For a lot of people, this is a great feature. For me, it led to coffee anxiety. Sure, the packages told you how many ounces to brew to, but I don't happen to drink out of beakers. I was afraid I wasn't brewing to maximum potential. I'd brew until the beverage started to look watery, and maybe I didn't want watery! There had to be a better way.

I looked into writing on a coffee mug. I purchased a clear glass mug and was hoping I could just Sharpie all over it, but apparently that doesn't work. Crap. I went to Michaels and found paint pens which claimed to be dishwasher-resistant once you cooked your piece in the stove. Finally, I found a mL-marked flavor injector, since it seemed easier than trying to figure out 0.3 ounces. Then I carefully measured & injected the amount of necessary liquid for each drink I had into the mug and marked off the name/stage of the drink (some drinks have a milk component too).

It took a week, but I sucked up my fears and baked the mug in the oven yesterday and then put it in the dishwasher after it cooled. It made it out alive and I had a very tasty and spot-on mocha this morning.

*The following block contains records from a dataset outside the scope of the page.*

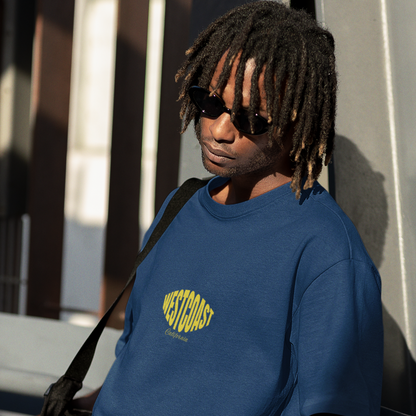 Westcoast Premium Navy Blue Oversized Typography Back Printed T-shirt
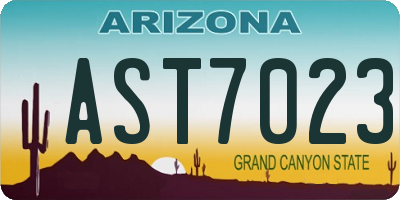 AZ license plate AST7023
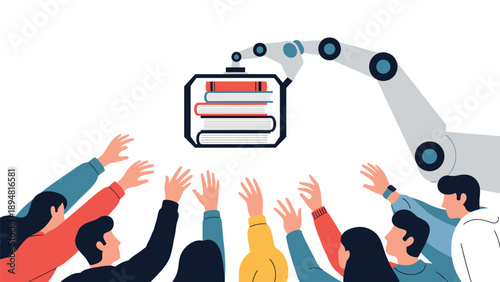 Robot arm delivering educational books to group of eager students representing future of automated learning and AI education.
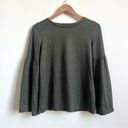 a.n.a  A New Approach Crewneck Flare Sleeve Fleece Sweater Olive Green Size XS Photo 0
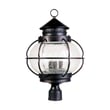 Maxim Lighting Portsmouth Outdoor Post Light in Oil Rubbed Bronze finish, crafted from durable Aluminum, stands elegantly against a clear sky backdrop.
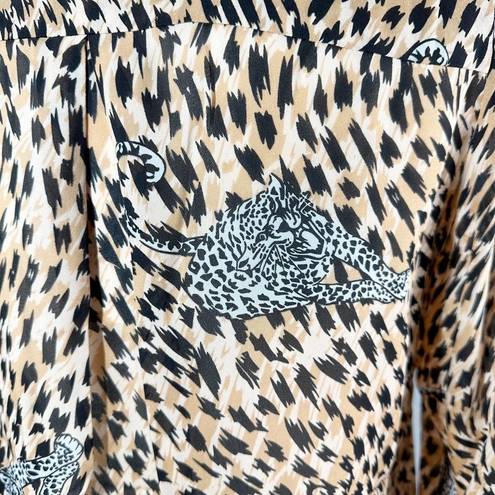 L'AGENCE L’AGENCE Cheetah Print Long Sleeve Silk Top Size XS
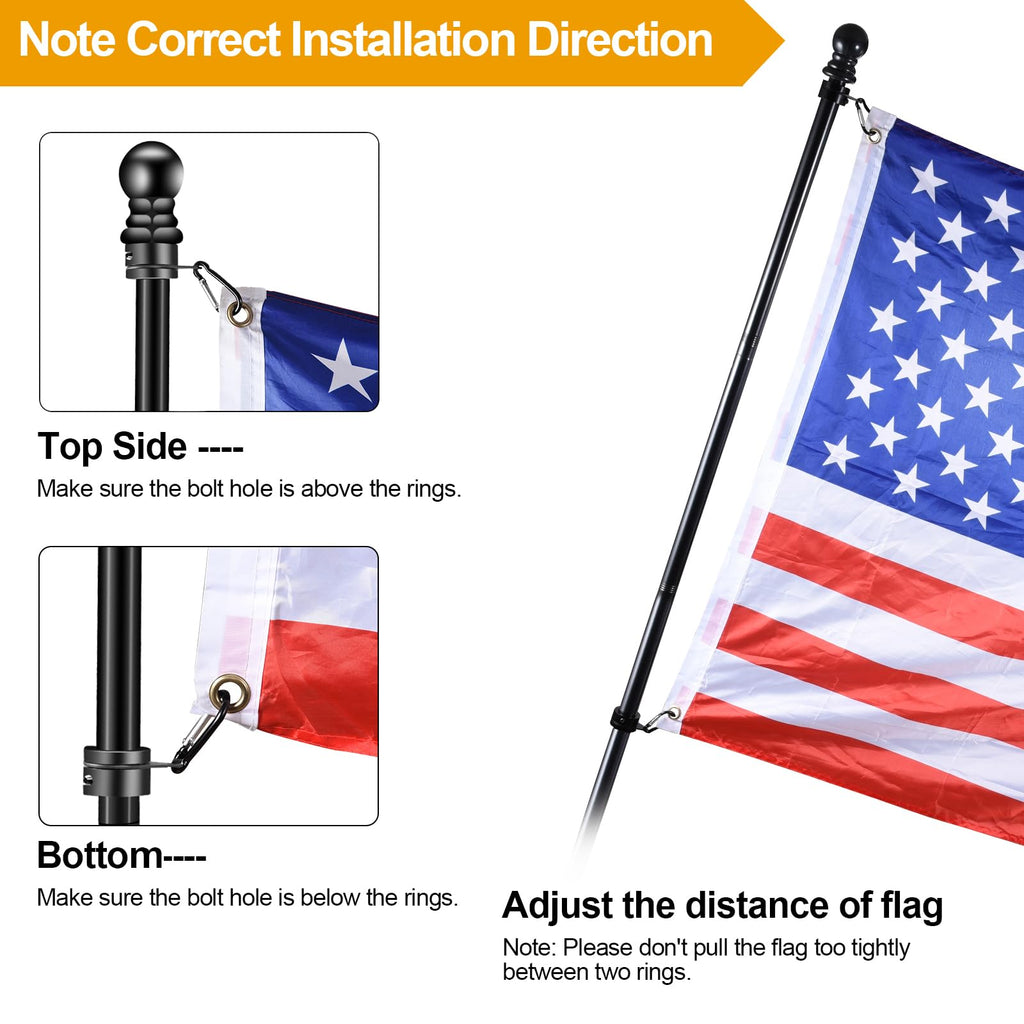 Black 5 FT Stainless Steel Wall Mount Flag Pole Kit H9714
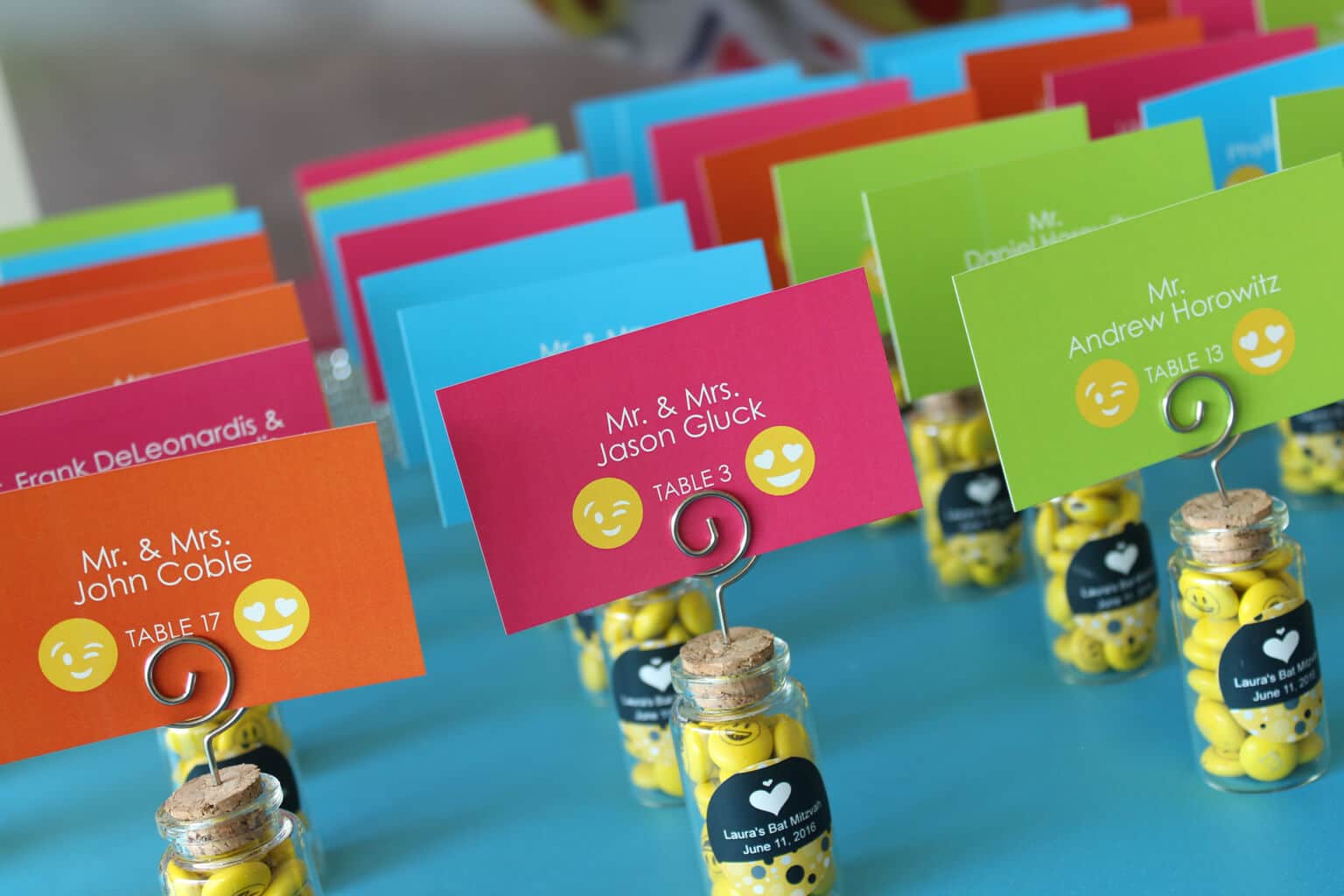 Emoji Themed Place Cards in M&M Holders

Here is a shot of the mug post-dishwasher and pre-beverage.

DSC04354

Obviously it's not perfect. It was my first time using a paint pen on glass, and for me at least, there's a learning curve. Also, I did this later at night when I'm brain-dead, which explains why I wrote "hot/coffee/chocolate" next to "mocha" on the bottom.

Actually, it's a design feature. I'm revolutionizing punctuation, people.

The Dolce Gusto is a niche market, and for about 10 seconds I considered improving my skills and attempting to sell these, but then I realized I would probably get sued. Next time, I think I'll take off the names of each beverage and just mark off amounts in milliliters or ounces. That way it WILL be like drinking out of a beaker. You'd have to do the math, though. In the morning. Before coffee. I'm slightly evil.

But at least now my coffee anxiety is reduced ... at least until the caffeine kicks in.


P.S. I'm waiting for the science majors of the world to tell me that one fluid ounce of water weighs one regular ounce on the scale. I'm sure I could have made this ten times easier on myself. Please enlighten me. I went to school to read words.

1 comment:

Anonymous said...

Hahaha- you had me cracking up! I'm glad your adventures in coffee lead, eventually, to some actually coffee. You are among the like minded I'm afraid: all of us creative types are much better at figuring out math through pictures rather than using actual math. Just a personality defect.